The dedication to The Lady in Blue contains an enigmatic reference to the date of April 14, 1991. Why did Javier Sierra choose to cite this date at the very beginning of his novel? What follows is the author’s own marvelous, magical explanation.
“…Thirty-eight years later (1631), the Holy Inquisition would detain the nun María de Ágreda, who claimed to have made more than 500 voyages to the New World to evangelize the pagans. As far as is known, the nun never left her convent during the previous eleven years. Nevertheless, when missionaries reached the Jumano Indians of New Mexico to Christianize them, the tribe was already familiar with the Catholic faith. To Alonzo de Benavides, their Superior, they confessed that it had been a nun matching the physical description of Sister Ágreda who had instructed them in the Gospels… “
I never thought that Fate —which Sophocles said “guides whoever willingly follows it”— would force me to return to this paragraph repeatedly over a period of seven years. I included it as the afterward in a piece I published in February 1991, in the Spanish periodical Año Cero. Back then I was a precocious journalist, merely nineteen years old, eagerly searching out curious, strange stories that I’d put to paper. And that was one of them, but not just any one, as it turned out.
Let me explain.
I discovered the strange case of Sister Maria de Ágreda almost by accident. One day, browsing through a carton full of papers that a friend had left me, I found an old Mexican weekly. It was in bad condition, dirty and wrinkled, but nevertheless I resisted throwing it out before having a glance at it. Now I know I was right. An article inside, ravaged by time and humidity, caught my attention immediately. It recounted the adventures of a cloistered Spanish nun from the 17th century, who, thanks to her gift of bi-location, had been attributed with evangelizing New Mexico, Arizona, and Texas. I’d never read anything like it. The weekly affirmed, moreover, that it was God who had granted her the power of being in two places at once in order to augment the dominions of Christianity.
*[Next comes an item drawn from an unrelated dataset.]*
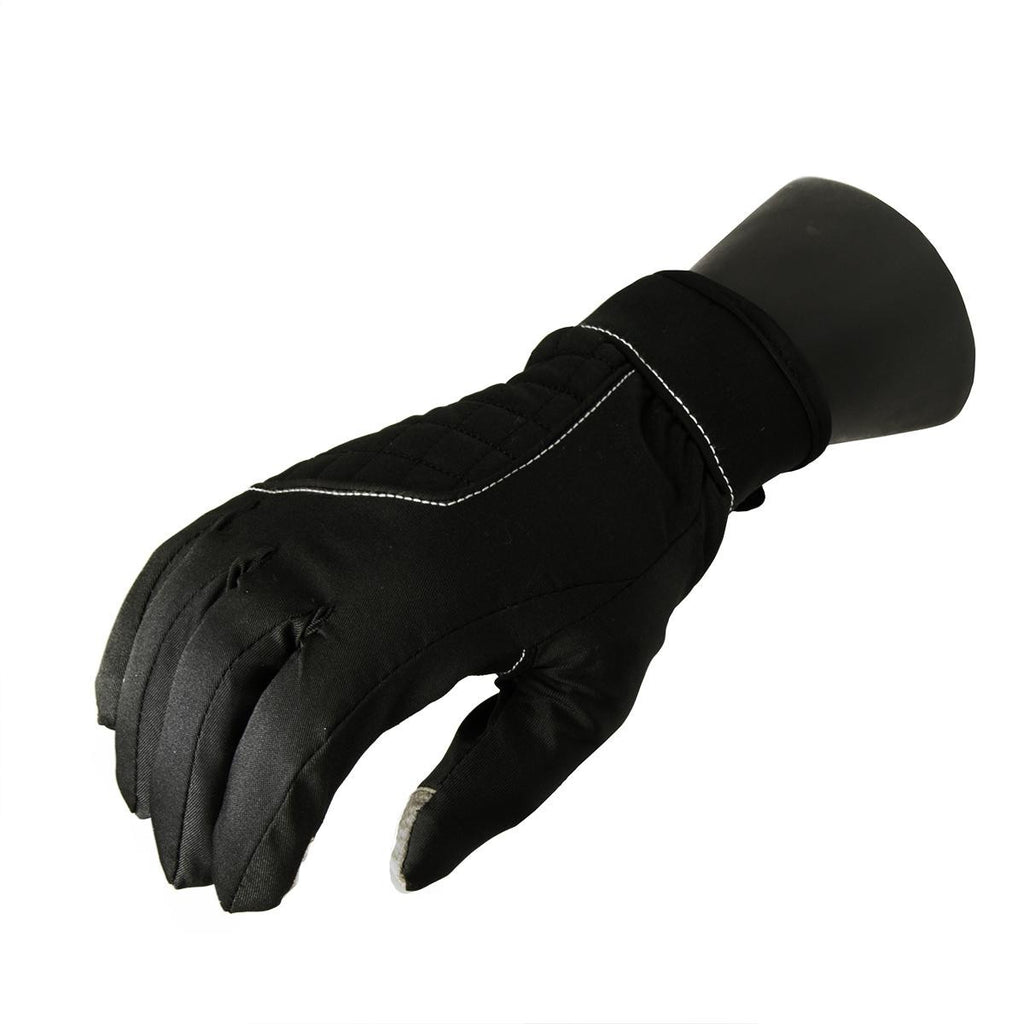 Women's Black Softshell Winter Thinsulate Insulated Touchscreen Sport Gloves - Small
The story, of course, fascinated me. And even though it was peppered with imprecise information (it didn’t clarify the place of origin of the nun, or the Spanish convent in which she resided), something compelled me to investigate further.
There was a great story somewhere in all this, I could feel it. A trail I had to follow.
Perhaps it was that instinct that led me to mention that nun in my article. I took what little plausible information it contained and with it I knocked off an article on a subject more or less as strange as bi-location: teleportation. That is, the theoretical possibility of transmitting matter instantaneously from one point in the universe to another. Had something similar happened to Sister María de Ágreda four-hundred years earlier? Theoretical physics had been toying with such ideas for some time now. In such science fiction series as Star Trek it was managed effortlessly. Some scientists had even managed to transmit the “quantum state” of one photon to another, across the cosmic distance of 90 centimeters. And there were no lack of individuals, from each of the five continents, who claimed to have been transported inexplicably but instantaneously from one geographical location to another right after penetrating a mysterious fog or experiencing a glacial chill.
My article was dedicated to them, and at the end of the piece I cited the “Ágreda case,” with the intention of showing that we weren’t faced with simply a modern urban legend, but rather with an age-old historical phenomenon.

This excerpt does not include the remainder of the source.